Tuesday, June 3, 2008

Product of My Environment?

You be the judge. I hail from a teeny-tiny town in east central Indiana with a population of around 1,400. And this number hasn't much changed since I was little and may have even gone down.

How do I know this? Well, because I remember that in 6th grade for the spring musical, our class did a Hee Haw spoof. Yes. And now that I think about it - it may not have actually supposed to have been a spoof - it was just that bad that it seemed like we were making fun. I know now the joke was on us.

Anyway, we somehow convinced my friend, Brett, to dress up like Dolly Parton for one scene, and during this he held up a sign that read, "Farmland, population 1,500" just like in Hee Haw. And you don't soon forget your 12-year-old friend - who's a boy - standing on stage at the spring musical with big fake boobs and a blonde wig. What kind of twisted music teacher did we have?

So it's tiny. And hasn't changed much. There's still really nothing to do there, only now I appreciate that. When I was a teenager, I thought I would die from the boredom that the town was suffocating us all with.

In hindsight, of course, it was a great place to grow up. My friends and I would get on our bikes and be gone all day and no one worried about it. When I walked to the grocery to pick something up for my mom, if she forgot to tell me to get something, she could just call up there and tell them to make sure I got it; and she'd just run the money up later to pay for it.

Of course, to a kid, the town's stench of oppression was overwhelming and I couldn't wait to flee.

Now my kids think Farmland is the greatest place on Earth. Yes - that's the name of the town. No - I did not live on a farm. It was pretty great - but I only know that now, in retrospect.

Here are a few shots of my hometown:




The church I grew up in


My grandma's backyard, where I spent years playing. We lived just four houses down from here (where she still lives today).





This is where I had my first job, at a soda fountain (it still operates as a soda fountain today).








Don't forget your roots. They're your connection to the past and the foundation for your future.

1 comment:

  1. Thanks for the pictorial reminder. Though that house is the only one you lived in, and probably the only one Aimee remembers, I spent most of my first five years in a small house on Mulberry Street (remember the Dr. Seuss book "And to Think That I Saw it on Mulberry Street"?), and have fond memories of our neighbors.

    The grocery with the Red Gold Tomatoes mural is where I got my first paying job stocking shelves and bagging groceries for $1.35/hour--nice pocket change to a thirteen-year-old!

    I have stories associated with most of those pictures (some of which are best left untold), like the time I was hit by a car and knocked unconscious in the alley by what is now Main Street Coffee while chasing a bicycle thief. I ran into Tony's front quarter panel on my bike, did a flip and landed "lights out" on his hood.
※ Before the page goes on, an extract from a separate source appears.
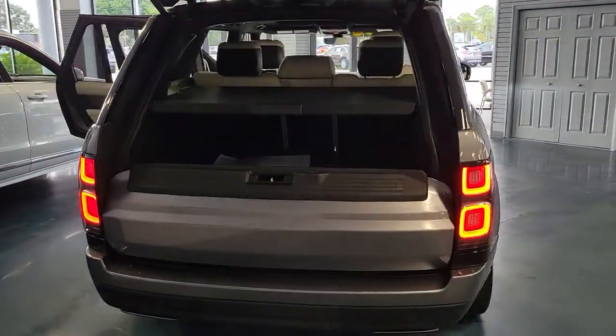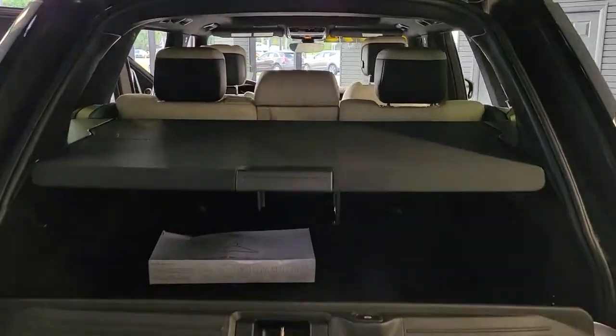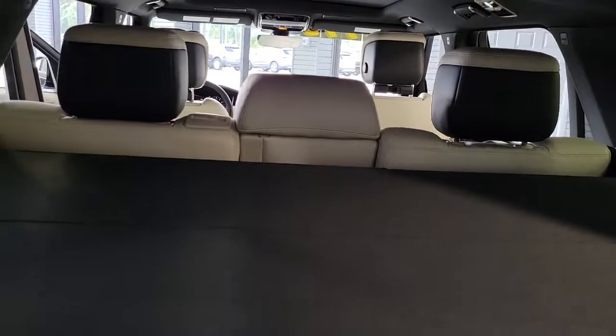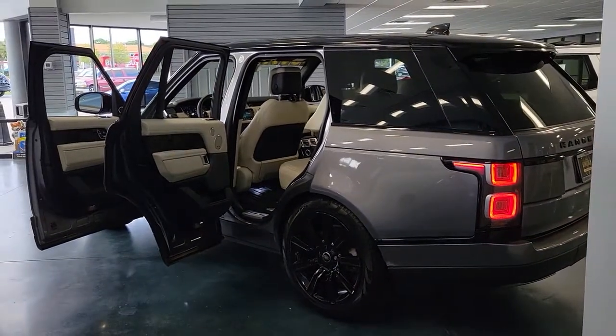These are just some of the great options this vehicle comes with: panoramic roof, navigation system, keyless entry, sun moonroof, four-wheel drive, heated mirrors, woodgrain interior trim, keyless start, power passenger seat, and active suspension.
He nearly had a stroke because he thought he killed me!

    We hope to make the pilgrimage from North Carolina next month after the 15 year-old cousin mentioned in the fair entry returns from Europe.

    And yes the number has decreased, because when I delivered newspapers as a young boy and knew practically everyone in town (you were still a toddler), the population was between 1,600-1,700.